A 17 ans, la jeune Michelle choisit un nom qui sonne comme un slogan. Ce sera Ndegeocello, « libre comme un oiseau » en langue swahili. A partir de là, elle n’aura de cesse de faire entendre sa voix, sa sensibilité, sa vision du monde. Et peu importe si cela transgresse. Peu importe si elle en perd sa maison de disque, ses fans ou ses amours. Parce que Meshell Ndegeocello est entière, authentique, un diamant brut qui trace sa route sans se retourner.
Et de concessions, elle n’en fera aucune. Pas sur la forme car la chanteuse, tombée petite dans la soul et bassiste de formation, s’autorise toutes les expérimentations. Des très sombres et introspectifs albums Bitter et Weather à l’attitude de rock star quand elle reprend Wild Night avec John Mellencamp. En passant par l’indéfinissable The World Has Made Me The Man Of My Dream, mélange extrême entre le jazz et le rock, entre vagabondages planants et salves volcaniques.
Pas sur le fond non plus, car Meshell Ndegeocello sait qui elle est et s’affirme. Femme, noire, bisexuelle et musulmane.

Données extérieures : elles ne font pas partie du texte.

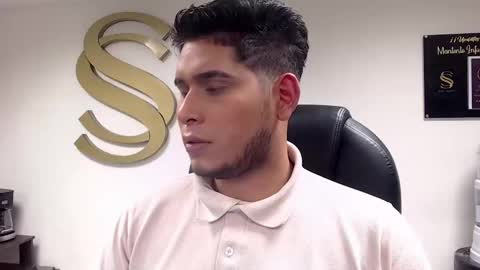 roswall25 online show from January 12, 2026, 5:56 am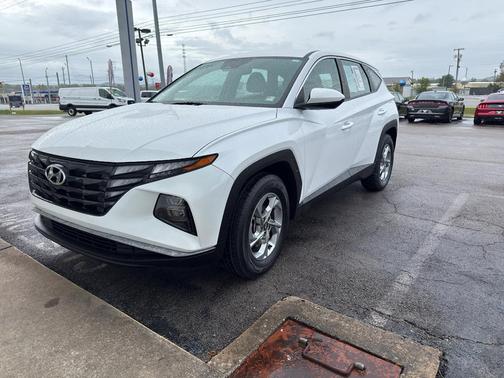 2022 Hyundai TUCSON SE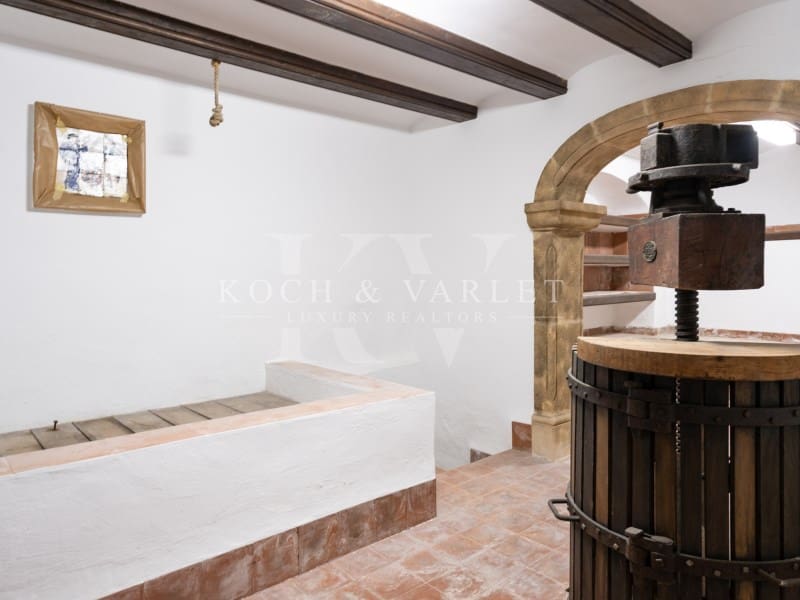 13 soverom Villa til salgs i Javea / Xabia med svømmebasseng garasje - € 3 450 000 (Ref: 8689915)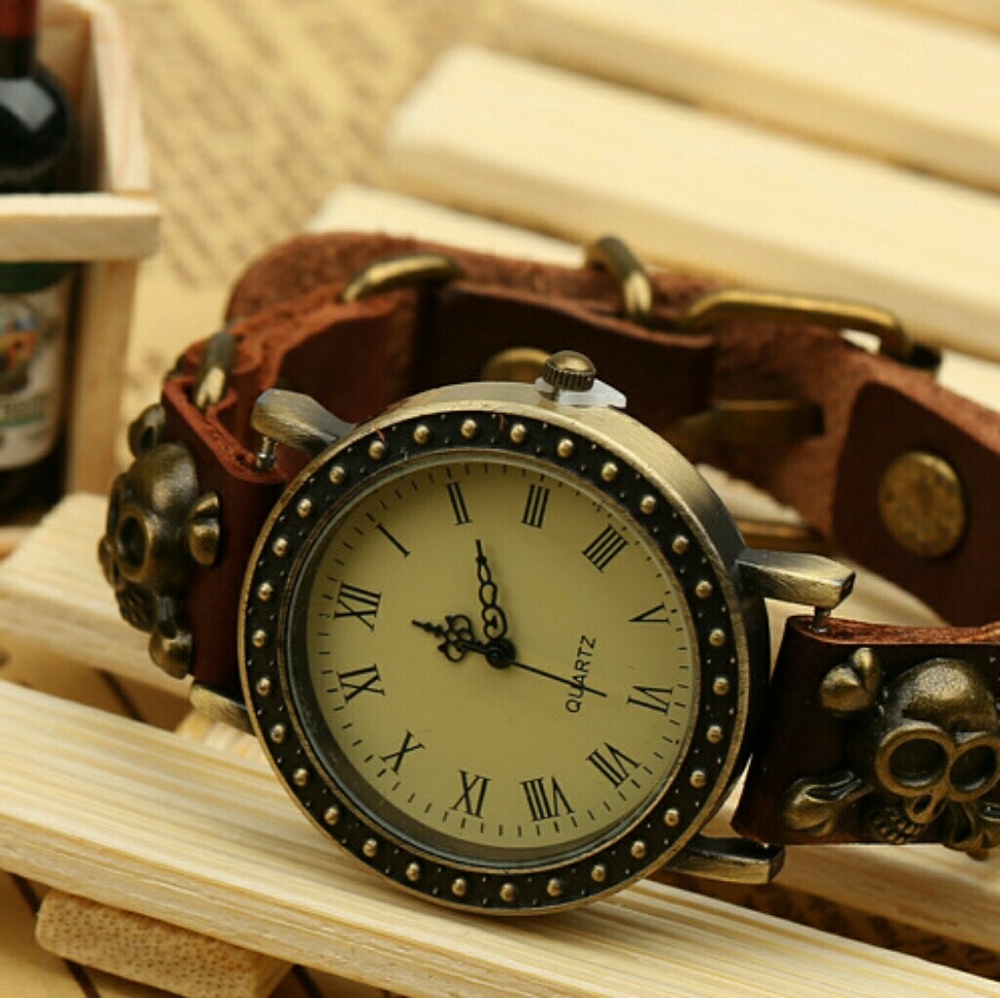 Punk Style Skull Leather Watch - Picture 2 of 5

Avec une identité qui lui vaut toutes les critiques dans l’Amérique des années 90, plus rien ne lui fait peur. Ses chansons abordent des thèmes crus et sans détour : le racisme systémique, la solitude urbaine, et, avec sarcasme, les relations amoureuses et leur éthique. Et quand sa maison de disque censure la pochette de l’album, où elle apparaît légèrement voilée au lendemain des attentats du 11 septembre, elle met fin à une collaboration de plus de 10 ans.
Elle est comme ça Meshell, rebelle, les deux pieds bien ancrés sur terre et la tête dans un futur meilleur. Elle ne choisit pas entre art et convictions, elle mélange les deux dans un tourbillon et dans une rage sensible. Et quand on jette un regard en arrière, on ne peut que s’incliner devant le chemin qu’elle a tracé à la force de son talent.
La jeune artiste signe sur le label Maverick, fondé par Madonna et sort Plantation Lullabies qui cache sous son apparence entraînante des thèmes engagés et revendicatifs. L’artiste, déjà, ne fait pas de concession et enfonce le clou avec Peace Beyond Passion, trois ans plus tard. Un deuxième album qui confirme son succès et lui vaut la reconnaissance de ses pairs. D’Alanis Morrissette aux Rolling Stones, les demandes de collaborations s’enchaînent !
La popularité ne dévie pas Meshell Ndegeocello de sa ligne de conduite. Intègre avant tout, elle livre en 1999 un nouvel album déchirant, sombre et teinté d’un folk mélancolique. Bitter est le fruit d’une rupture sentimentale que l’on imagine douloureuse. L’artiste ne cache rien et nous emmène avec elle dans les méandres d’une âme torturée par l’Amour. Si la chanteuse touche le fond, les ventes, une nouvelle fois, décollent.
Libérée de sa maison de disque et de ses obligations de réussite, la chanteuse profite pleinement de sa liberté et sort coup sur coup deux albums plus expérimentaux. Elle y explore les facettes du jazz avec singularité, voire même sarcasme. Et perd une partie de son public en route ! Mais au fond, elle s’en fiche. Ce qui compte, c’est de faire ce dont elle a envie, ce qui lui colle aux tripes. Et ce n’est qu’en 2010 qu’elle signera de nouveau avec le label Naïve pour deux albums plus facilement abordables par le grand public.
C’est un album à part que sort Meshell avec Ventriloquism. De retour dans la maison familiale pour gérer les affaires de son père décédé, elle se plonge dans ses souvenirs de jeunesse et accouche d’un album de reprises des tubes hip-hop et RnB qui ont bercé son enfance. Tender Love se transforme en ballade folk quand l’artiste affirme encore une fois ses valeurs sur Sensitivity, clamant haut, fort et sans langueur « You need a man with sensitivity, a man like me ».